All Signs Point WEST
Apr 09, 2013 08:12PM
● By Anonymous
Upon arrival, we were immediately seated in a cozy booth, where we could observe the lively conversation and comfortable atmosphere that gives West a traditional tavern feel.
After settling in, we started off with two unique West cocktails: the Johnny Hawkins ($10), a gin-and-tonic cocktail with fresh grapefruit, basil, and sea salt; and the Dancing Molly ($10), a rum, champagne, lime, wild strawberries, and black pepper concoction. Both were very refreshing and were served in a tall cocktail glass that allowed us plenty of time to devour the unique menu. Sustainability is obviously engrained in the menu, and unique combinations of flavors make it an interesting read.
Deciding to hit the “Taste and Share” sections of the menu first, along with the soup du jour, Randy, our server for the evening, took our order with a smile and energy that made us instantly comfortable. The soup du jour was a caramelized onion ($7) and was full of tender caramelized onions in a very good veal stock. A modest crouton with cheese was placed in the center, complementing the soup well, rather than overwhelming it.
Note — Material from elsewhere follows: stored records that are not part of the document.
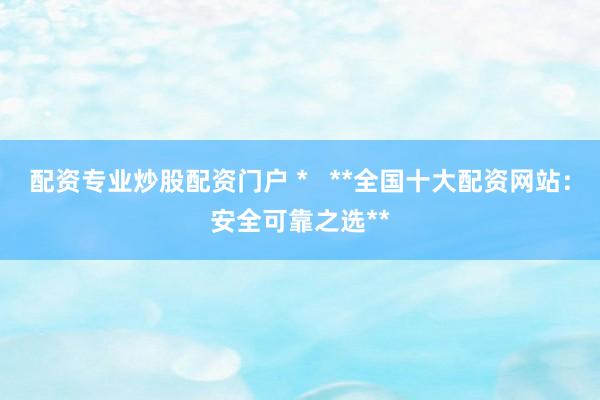 配资专业炒股配资门户 *   **全国十大配资网站：安全可靠之选**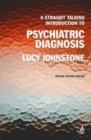 A Straight Talking Introduction to Psychiatric Diagnosis (second edition)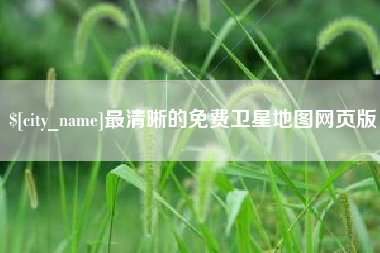 阜新最清晰的免费卫星地图网页版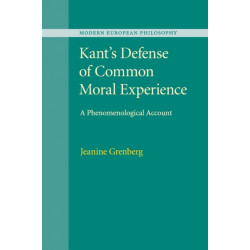 Kant's Defense of Common Moral Experience: A Phenomenological Account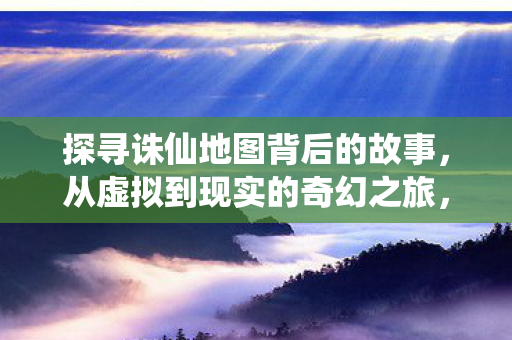 探寻诛仙地图背后的故事，从虚拟到现实的奇幻之旅，诛仙地图，虚拟与现实的奇幻之旅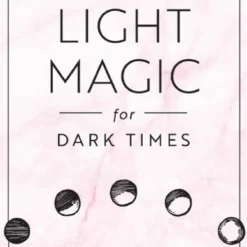 Book - Light Magic For Dark Times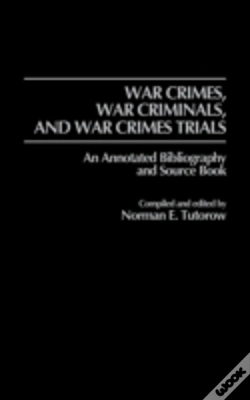 Capa do artigo War Crimes, War Criminals, And War Crimes Trials: An Annotated Bibliography And Source Book
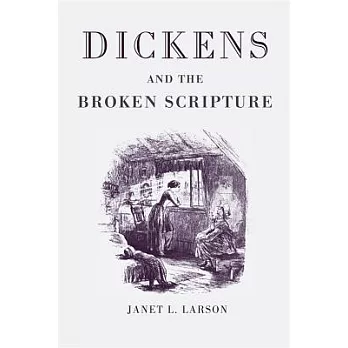 Dickens and the Broken Scripture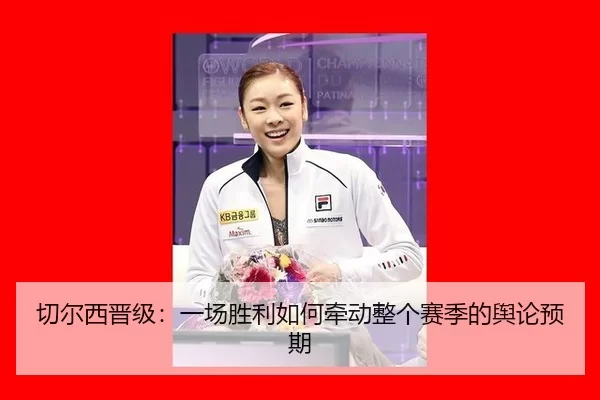切尔西晋级：一场胜利如何牵动整个赛季的舆论预期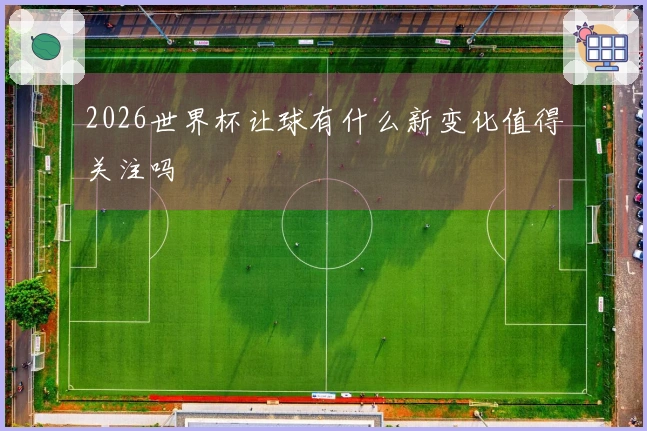 2026世界杯让球有什么新变化值得关注吗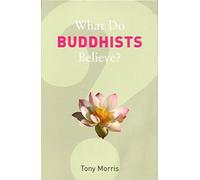 What Do Buddhists Believe? (What Do We Believe)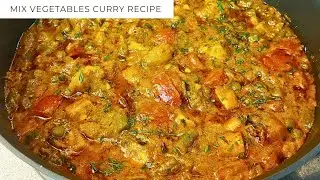 Mix Vegetables Curry | Mix Veg Curry Recipe | Mix vegetable curry recipe 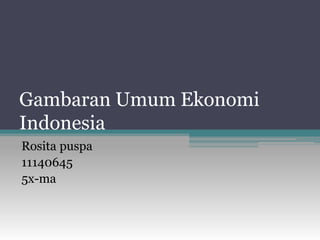 Gambaran Umum Ekonomi
Indonesia
Rosita puspa
11140645
5x-ma
 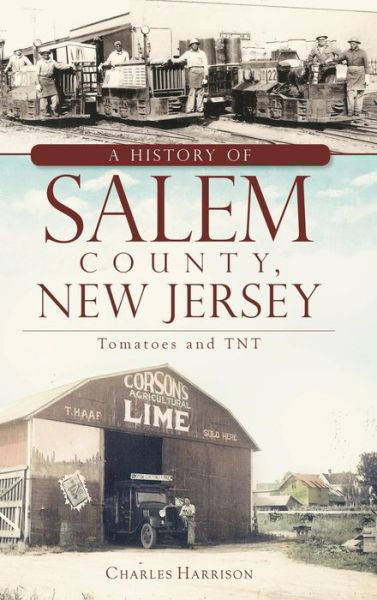 Cover for Charles Harrison · A History of Salem County, New Jersey (Inbunden Bok) (2011)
Meanwhile, the Annapolis crab bisque ($8) was brought to the table by a team. As my bowl, with giant crab lumps and fresh made croutons, was placed in front of me, a second server poured the crab bisque in from a separate vessel. The three textures hit me as the velvet smooth bisque combined with the crab and crunch of the croutons for a great combination. The chef explained to me later how the crab stock is made from fresh crab bodies and used in the bisque. Next up were West garlic fries ($8)—fresh cut and served in a cool mini fryer basket with a subtle garlic and parmesan cheese coating—and grilled artichokes ($10), which, drizzled with a lemon olive oil, were tender and went well with the house ketchup and a flavorful remoulade.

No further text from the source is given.